Le drame survient environ quinze minutes après la fin du feu d'artifice, au moment où la foule quitte les lieux. Il revient à l'enquête judiciaire de faire toute la lumière. Pour autant l'Inspection générale a fait quelques observations que je vous livre ici. Tout d'abord, l'alerte a été donnée très rapidement par un équipage de la police municipale, qui ne faisait d'ailleurs pas partie du dispositif. Le camion est monté sur le trottoir de la promenade des Anglais bien en amont – deux kilomètres environ – de l'endroit où a été tiré le feu d'artifice. Ensuite, il se déroule très peu de temps – deux minutes tout au plus – entre le moment où le camion est monté sur le trottoir de la promenade des Anglais et la neutralisation du terroriste. Cette neutralisation intervient quelque cent soixante mètres après le premier point de contrôle assuré par la police nationale, ce qui n'a pas empêché le terroriste de faire 84 victimes immédiates – 86 aujourd'hui – et de très nombreux blessés.

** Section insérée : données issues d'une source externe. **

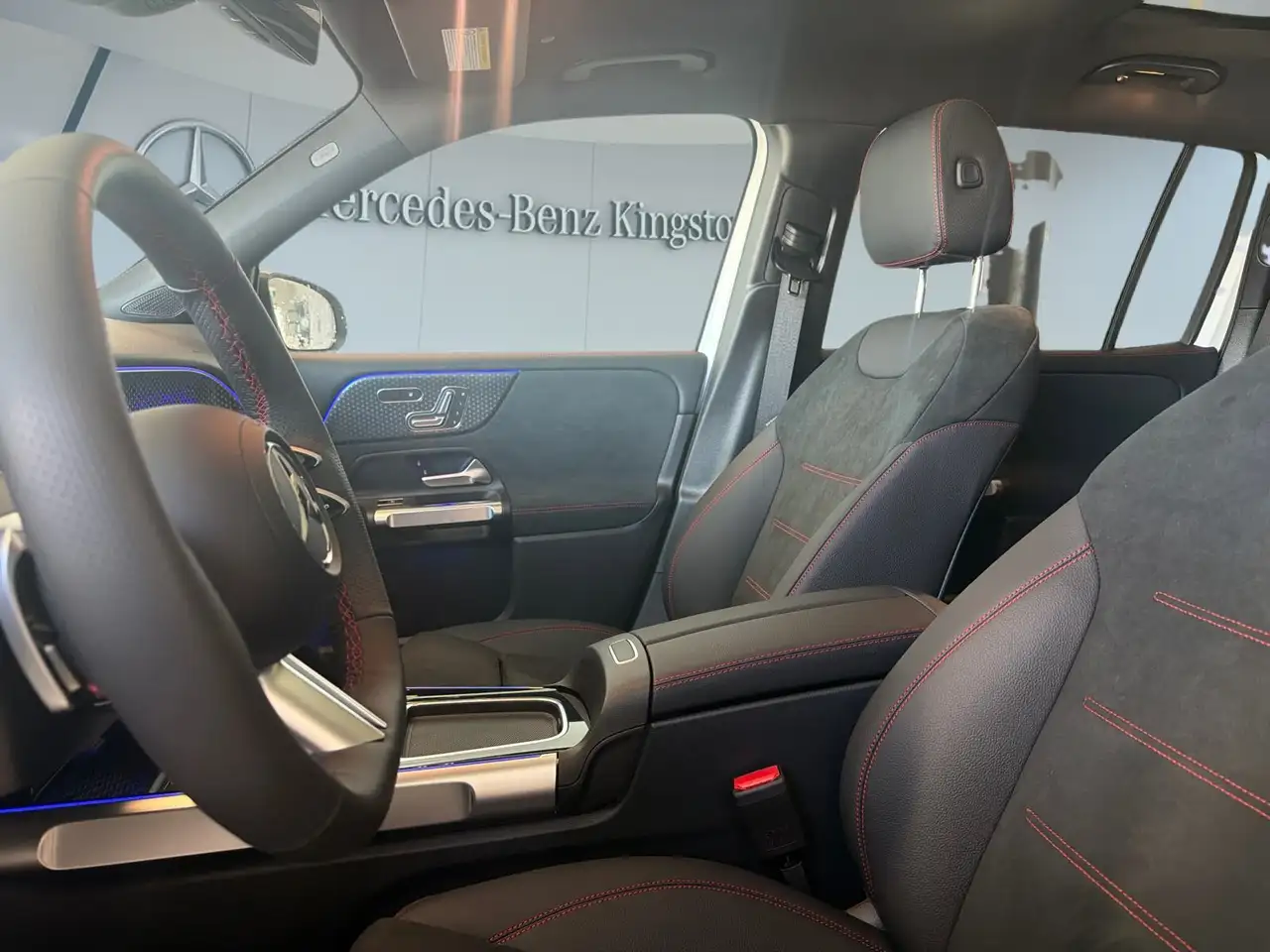 Mercedes-Benz GLB снимка Mercedes-Benz GLB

La mission a rencontré des interlocuteurs très marqués par les événements dramatiques qu'ils ont vécus et face auxquels ils ont fait montre d'un engagement que je tiens à souligner ici. Si on le doit avant tout à leur conscience professionnelle, cette réactivité est également le résultat des cinq exercices réalisés dans le cadre de la préparation à l'Euro, qui ont permis à chacun, lors de cette soirée tragique, de s'inscrire dans une chaîne organisée et de travailler ensemble. Ils ont donc très mal vécu les polémiques qui ont éclaté dès le lendemain alors que le temps de l'analyse n'était pas encore venu.

Quelle que soit l'horreur de la situation, quelle que soit l'émotion légitime suscitée par cet épouvantable drame, dont chacun souhaiterait qu'il n'ait jamais eu lieu et qu'il ne se reproduise jamais, il ne faut pas céder à la tentation d'élaborer des scénarios qui ne résisteraient pas à l'épreuve des faits tels qu'ils se présentaient avant le 14 juillet et le soir du drame.

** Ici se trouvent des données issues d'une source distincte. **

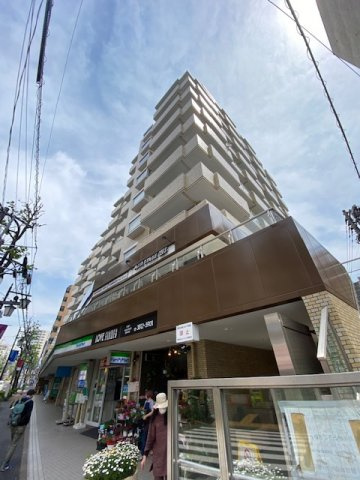 朝日白山マンションの外観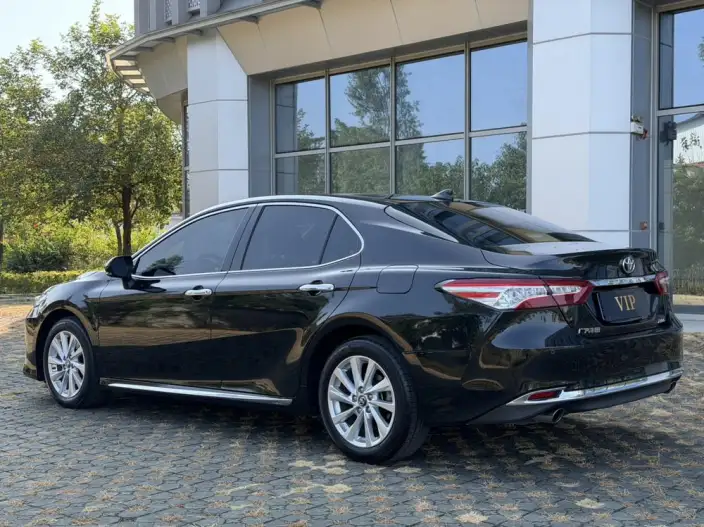 Toyota Camry 2024 Model 2.0GVP Deluxe Edition – фото 4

L'IGPN a donc voulu examiner en toute objectivité l'ensemble des paramètres, tels qu'ils se présentaient aux multiples acteurs de la sécurité à Nice au moment de la conception du service d'ordre du 14 juillet. À l'issue de sa mission, elle considère que, pour un événement qui n'avait rien d'exceptionnel au vu des nombreuses festivités organisées à Nice tout au long de l'année et plus spécialement en été, et sans indication concernant l'imminence d'une menace particulière, le service d'ordre était normalement proportionné. Il n'était néanmoins pas adapté à l'attaque inédite et d'une violence inouïe que nous avons connue mais que rien ne laissait présager. Il aurait fallu que ce service d'ordre soit d'une tout autre nature pour essayer d'éviter ce drame épouvantable.

L'IGPN considère également que la coopération entre police municipale et police nationale, marquée par une grande expérience et une confiance réciproque, était jusqu'alors bonne ; elle s'inquiète donc des répercussions des différentes polémiques sur ces relations, qui sont pourtant essentielles à une coproduction de sécurité efficace.

D'une manière plus générale, l'IGPN considère que les menaces qui pèsent aujourd'hui sur la France nécessitent une approche particulièrement large des questions de sécurité. La coproduction de sécurité n'est plus seulement l'apanage des forces de sécurité, même au sens large, mais elle se partage avec tous les acteurs de la société et fait appel à un sens de la responsabilité collective sur lequel il nous faudra travailler.